Task objective ::
Print exactly the lines that run from the first line of the material to the line containing "You're going to", both ends included, and skip the pictures.

Source records ::
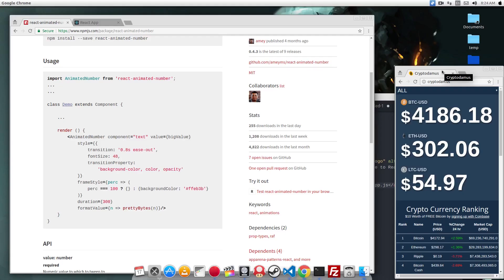In this video, I'm going to show you how you can create a number flipping effect in React.js. Using this library called React Animated Number, you'll be able to create a number flipping effect with ease.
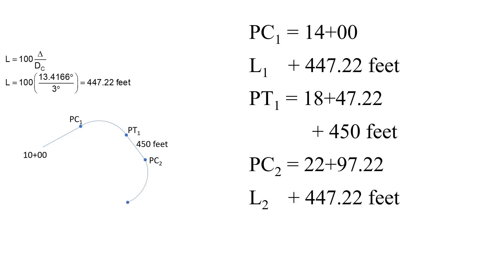And then the final of the two identical curves has a length of 447.22 feet, and that gives us the PT of curve 2, which is station 27+44.44.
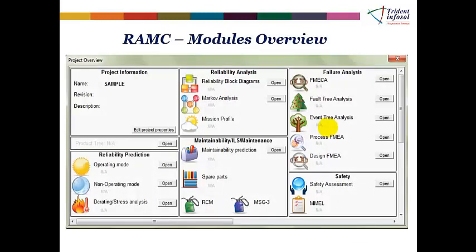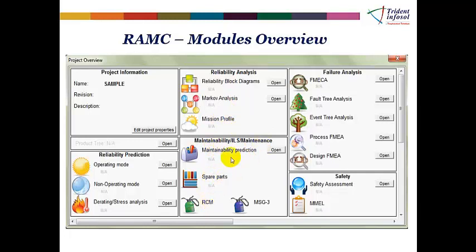The modules overview shows: Reliability Prediction — operating mode, non-operating mode, derating and stress analysis; Reliability Analysis — reliability block diagram, Markov analysis, mission profile; Maintainability Analysis — spare part optimization, reliability-centered maintenance, and maintenance prediction; and Failure Analysis — failure mode effect criticality analysis, fault tree analysis, event tree analysis, process FMEA, and design FMEA.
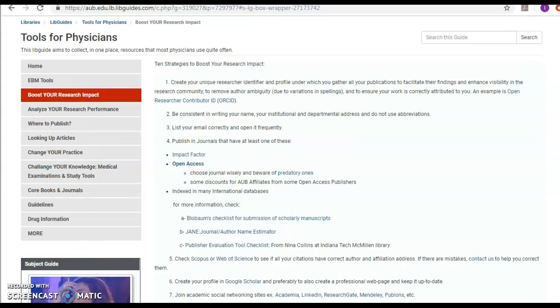There are some journals that have discounts at AUB if you're AUB affiliated. But be aware of the predatory journals. Predatory journals are the journals that are fake journals. They're super foxy.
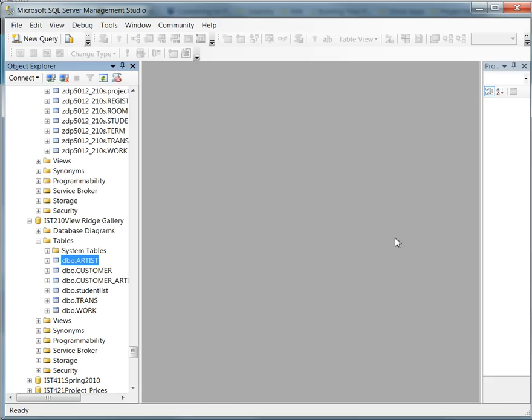You're going to follow the directions in the lab assignment, which will give you access to the V-Labs, where you will virtually use a software client tool called Microsoft SQL Server Management Studio. When you open it up, it'll look a lot like this.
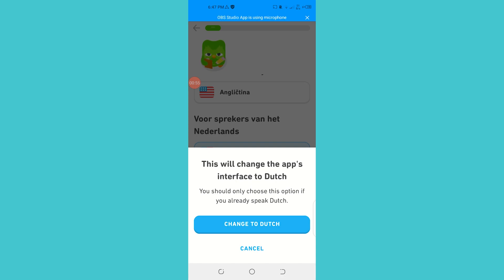Now the app will be in Dutch — all the options and all the instructions will be in Dutch, and they will teach you English. So if you want to learn English, you need to have another language set as the app's user language, and then you can learn English in Duolingo.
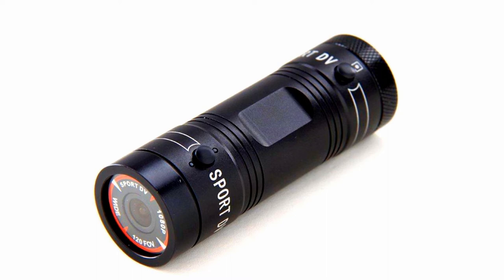Hey guys, the Jungle Explorer here, and today I'm doing a viewer requested video. I have a video about the Sports DV action camera. This is the Mini F9 action camera.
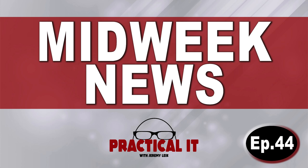Happy hump day to you! You're watching or listening to Midweek News on the Practical IT Channel. This is episode number 44 for September 27th, 2023. Let's get started.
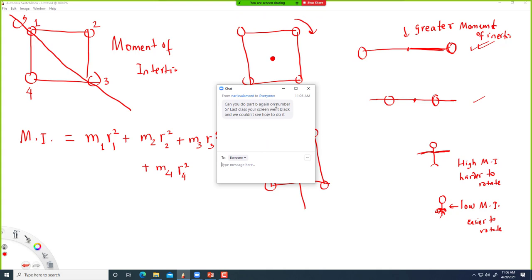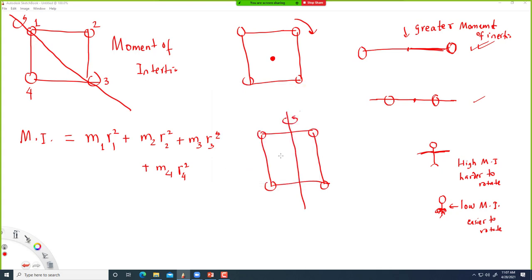Can you do part B again on number 5? Last class your screen was black. Let's complete part C first and then we'll go back to part B.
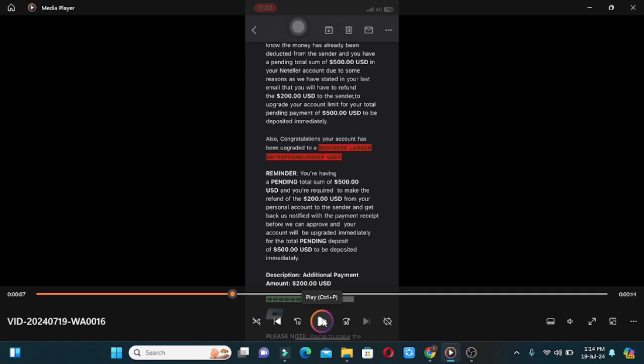If you have a pending balance, you will be able to deposit your money. You will be able to deposit your contract and you will be able to deposit your money.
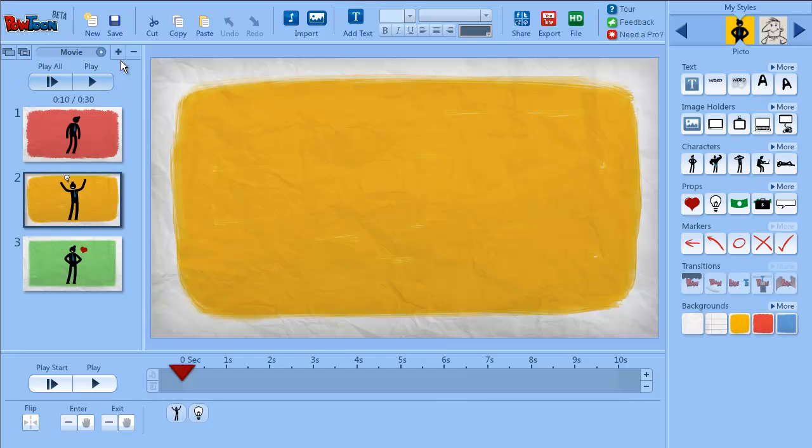Now we're going to explore the slide panel. This is the slide panel. It contains the slides that you have in your Powtoon project.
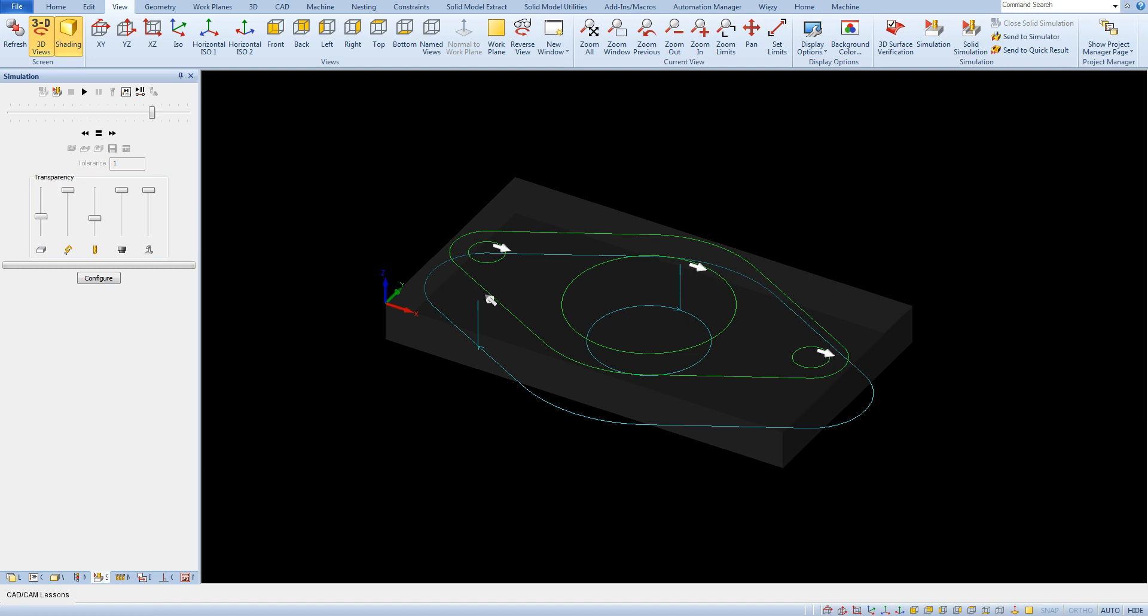As you can see in this simulation mode we only see the model of the tool drawing the toolpath. You cannot see the material being removed here.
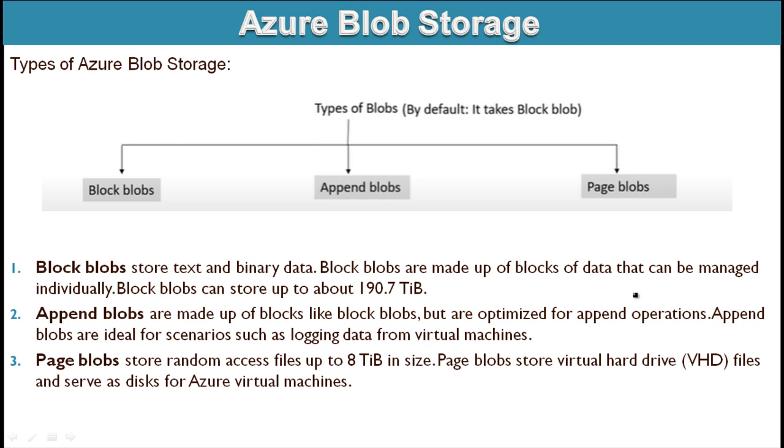Next is append blobs. Append blobs are made up of blocks like block blobs but are optimized for append operations. For example, inside a virtual machine we want to maintain the login information. So that login data we can append on this append blobs.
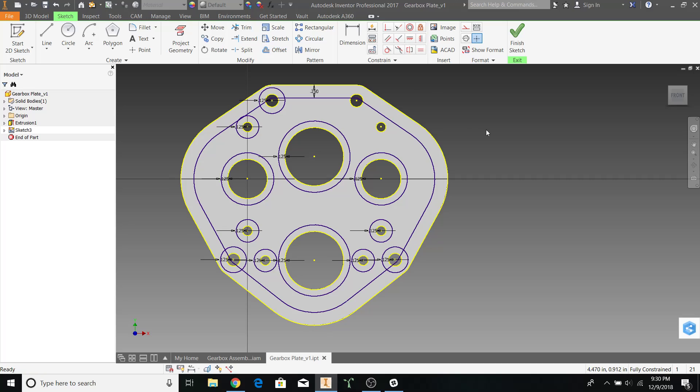Alright, now that we've offset all of the holes, we can start forming the bridges.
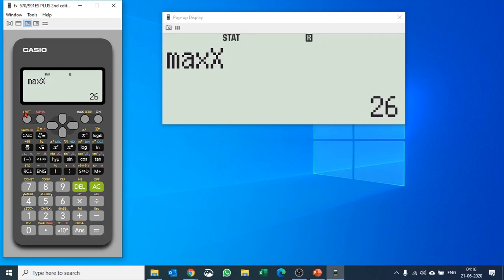So this is how you do statistics on the fx-9750 or fx-991ES Plus. Hope you enjoyed the video. Please don't forget to like and subscribe to the channel so that you are informed of our new videos. Thank you very much, have a good day. Bye bye.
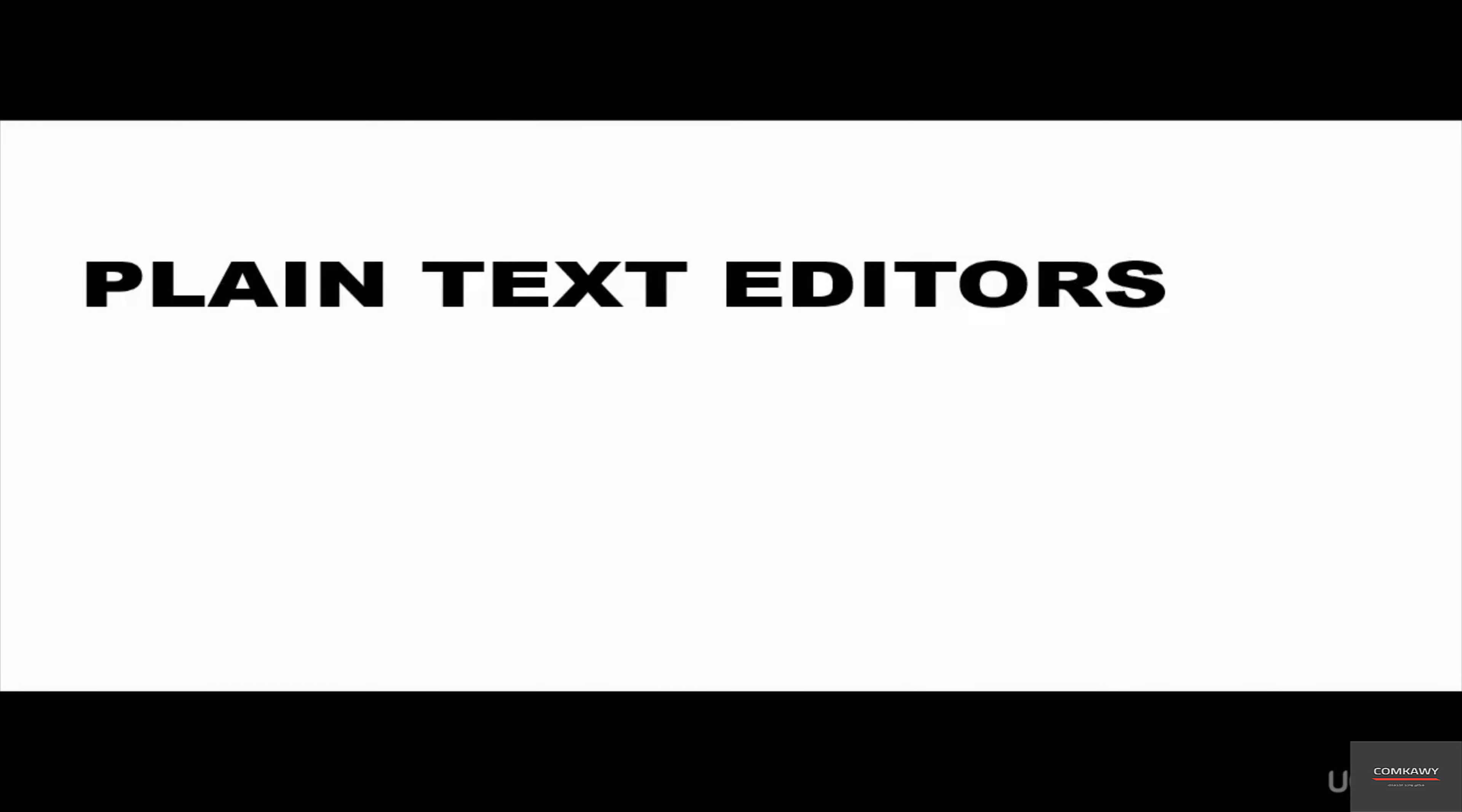In this video, I explained what text editors are and also installed the Notepad++ plain text editor. Thank you so much for watching and bye for now.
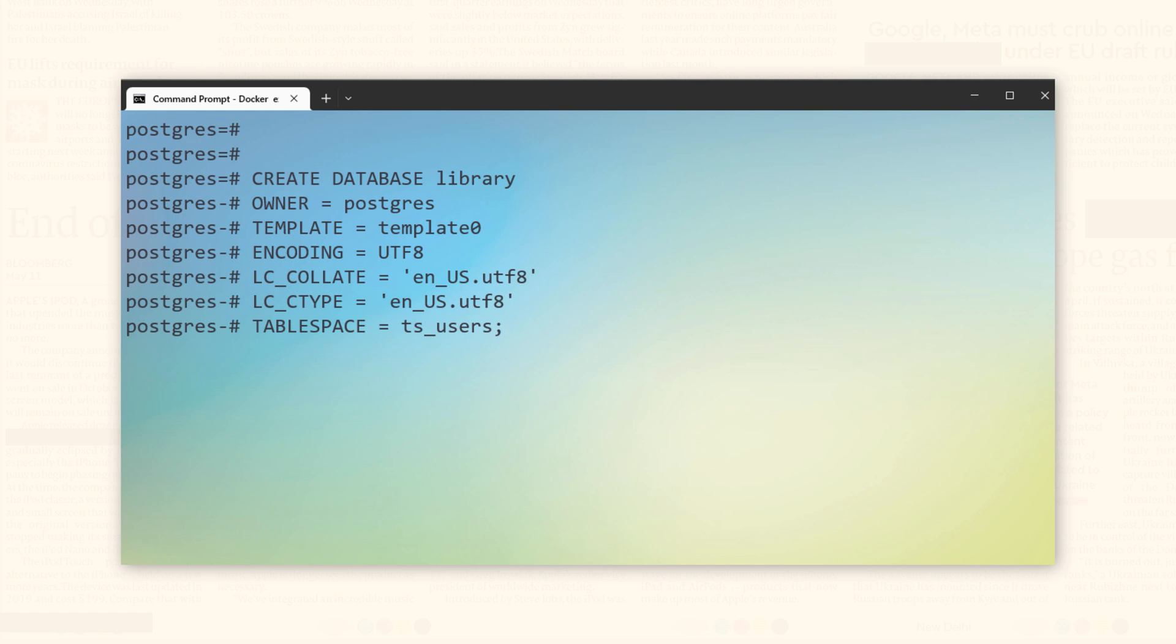Using the syntax I showed you earlier, I am creating this database. The name of this database is library. It is owned by the user postgres. Postgres is the default user that has been created during the installation. We will learn how to create a new user in future tutorials.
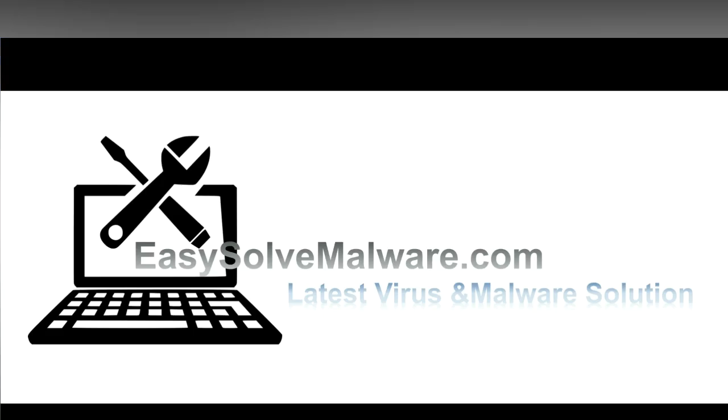That's all. Thank you for watching the video from easysoftmalware.com. We hope it solved your problem.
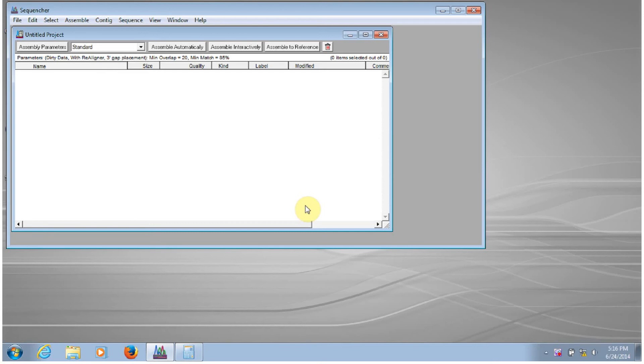Hi, this is Jason from GeneCodes Corporation. Today we're going to look at how to import data into Sequenture 5.2.4. This video will be the first in the series that will provide a tour guide of Sequenture.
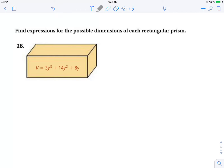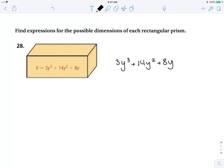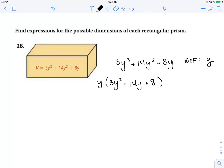Find the expressions for the possible dimensions of the rectangular prism. This is a 3D shape, so it should have three dimensions. If we factor this trinomial, hopefully there are three factors. The first thing I see is there's a GCF of y. Factoring out y leaves 3y squared plus 14y plus 8 — a trinomial with a, b, and c.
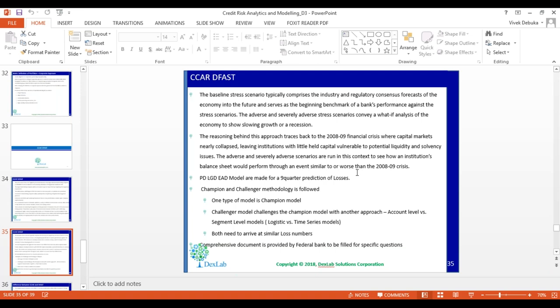In CCAR/DFAST, you prepare the PD model, the LGD model, and the EAD model, and then multiply to calculate losses. The loss prediction is for nine quarters. This is the most stringent test because you have to commit to the health of your bank for the next nine quarters — almost more than two years. You are assessing the health of your portfolio and credit risk standing for the next two-plus years, making it more comprehensive and confidence-building for customers and investors.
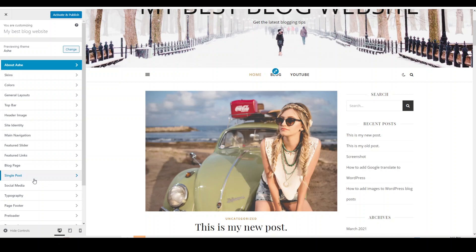Hello everyone, my name's John. Welcome to my channel, New Blogger. In this short video, I'm going to show you how to use the single post option to customize your WordPress website.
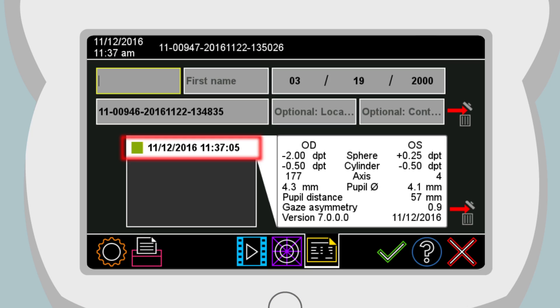Green entries show successful measurements. Aborted measurements are not portrayed.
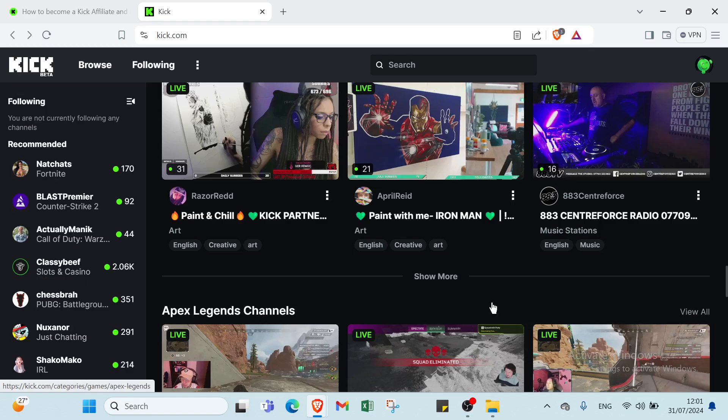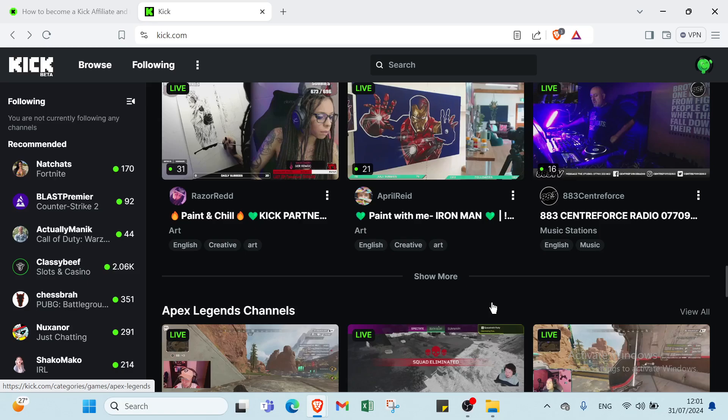Right now, I will give you why you can start earning money with kick or other affiliate programs. So right now, I will give you some benefits of the kick affiliate program. Earning money on kick or any similar platform can have several benefits. First, we have flexibility. Then we have diverse income streams, global reach and low barrier to entry, community and networking, skill development, scalability, potential for passive income, and earning money by doing what you love.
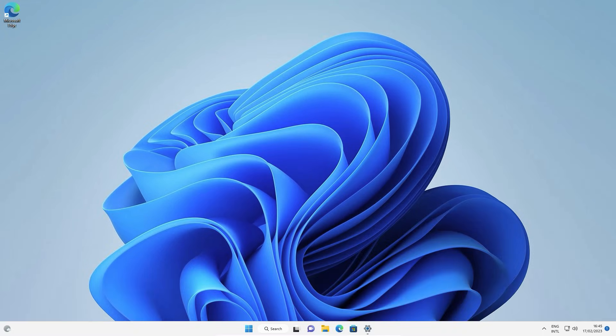So guys, this is the simplest way to add or remove desktop icons in Windows 11 PC or laptop. Thank you for watching this video. Don't forget to like, share, comment on this video and don't forget to subscribe the channel. Thank you guys.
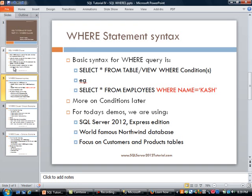Let's cover some basic syntax. You can do a SELECT * FROM a table or view, and then you use the WHERE clause with a condition. For example, assuming there is an employees table, you can do SELECT * FROM employees WHERE name = 'Cash', which would pull up the record with that information.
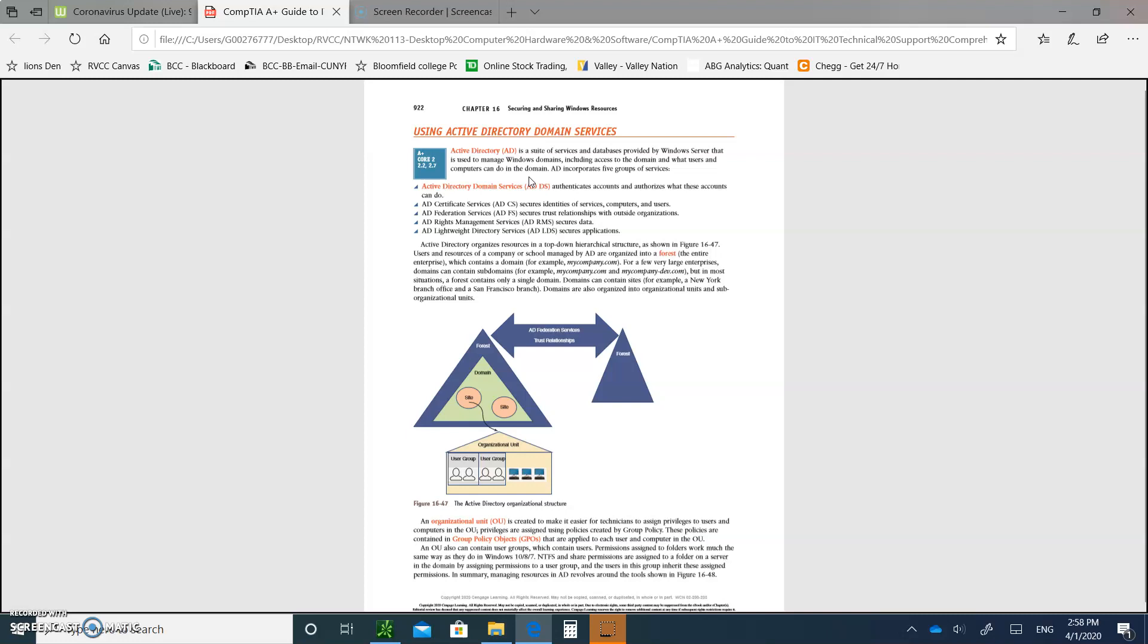Secures trust relationships with outside organizations and secures data and applications. The other thing that you need to know about the Active Directory is there are things called organizational units. And organizational units are created to make it easier for technicians to assign privileges to users and computers in the OUs. We'll call them OUs, organizational units.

Task result ::
In this video, I'm going to show you how you can create a number flipping effect in React.js. Using this library called React Animated Number, you'll be able to create a number flipping effect with ease.
And then the final of the two identical curves has a length of 447.22 feet, and that gives us the PT of curve 2, which is station 27+44.44.
The modules overview shows: Reliability Prediction — operating mode, non-operating mode, derating and stress analysis; Reliability Analysis — reliability block diagram, Markov analysis, mission profile; Maintainability Analysis — spare part optimization, reliability-centered maintenance, and maintenance prediction; and Failure Analysis — failure mode effect criticality analysis, fault tree analysis, event tree analysis, process FMEA, and design FMEA.
There are some journals that have discounts at AUB if you're AUB affiliated. But be aware of the predatory journals. Predatory journals are the journals that are fake journals. They're super foxy.
You're going to follow the directions in the lab assignment, which will give you access to the V-Labs, where you will virtually use a software client tool called Microsoft SQL Server Management Studio. When you open it up, it'll look a lot like this.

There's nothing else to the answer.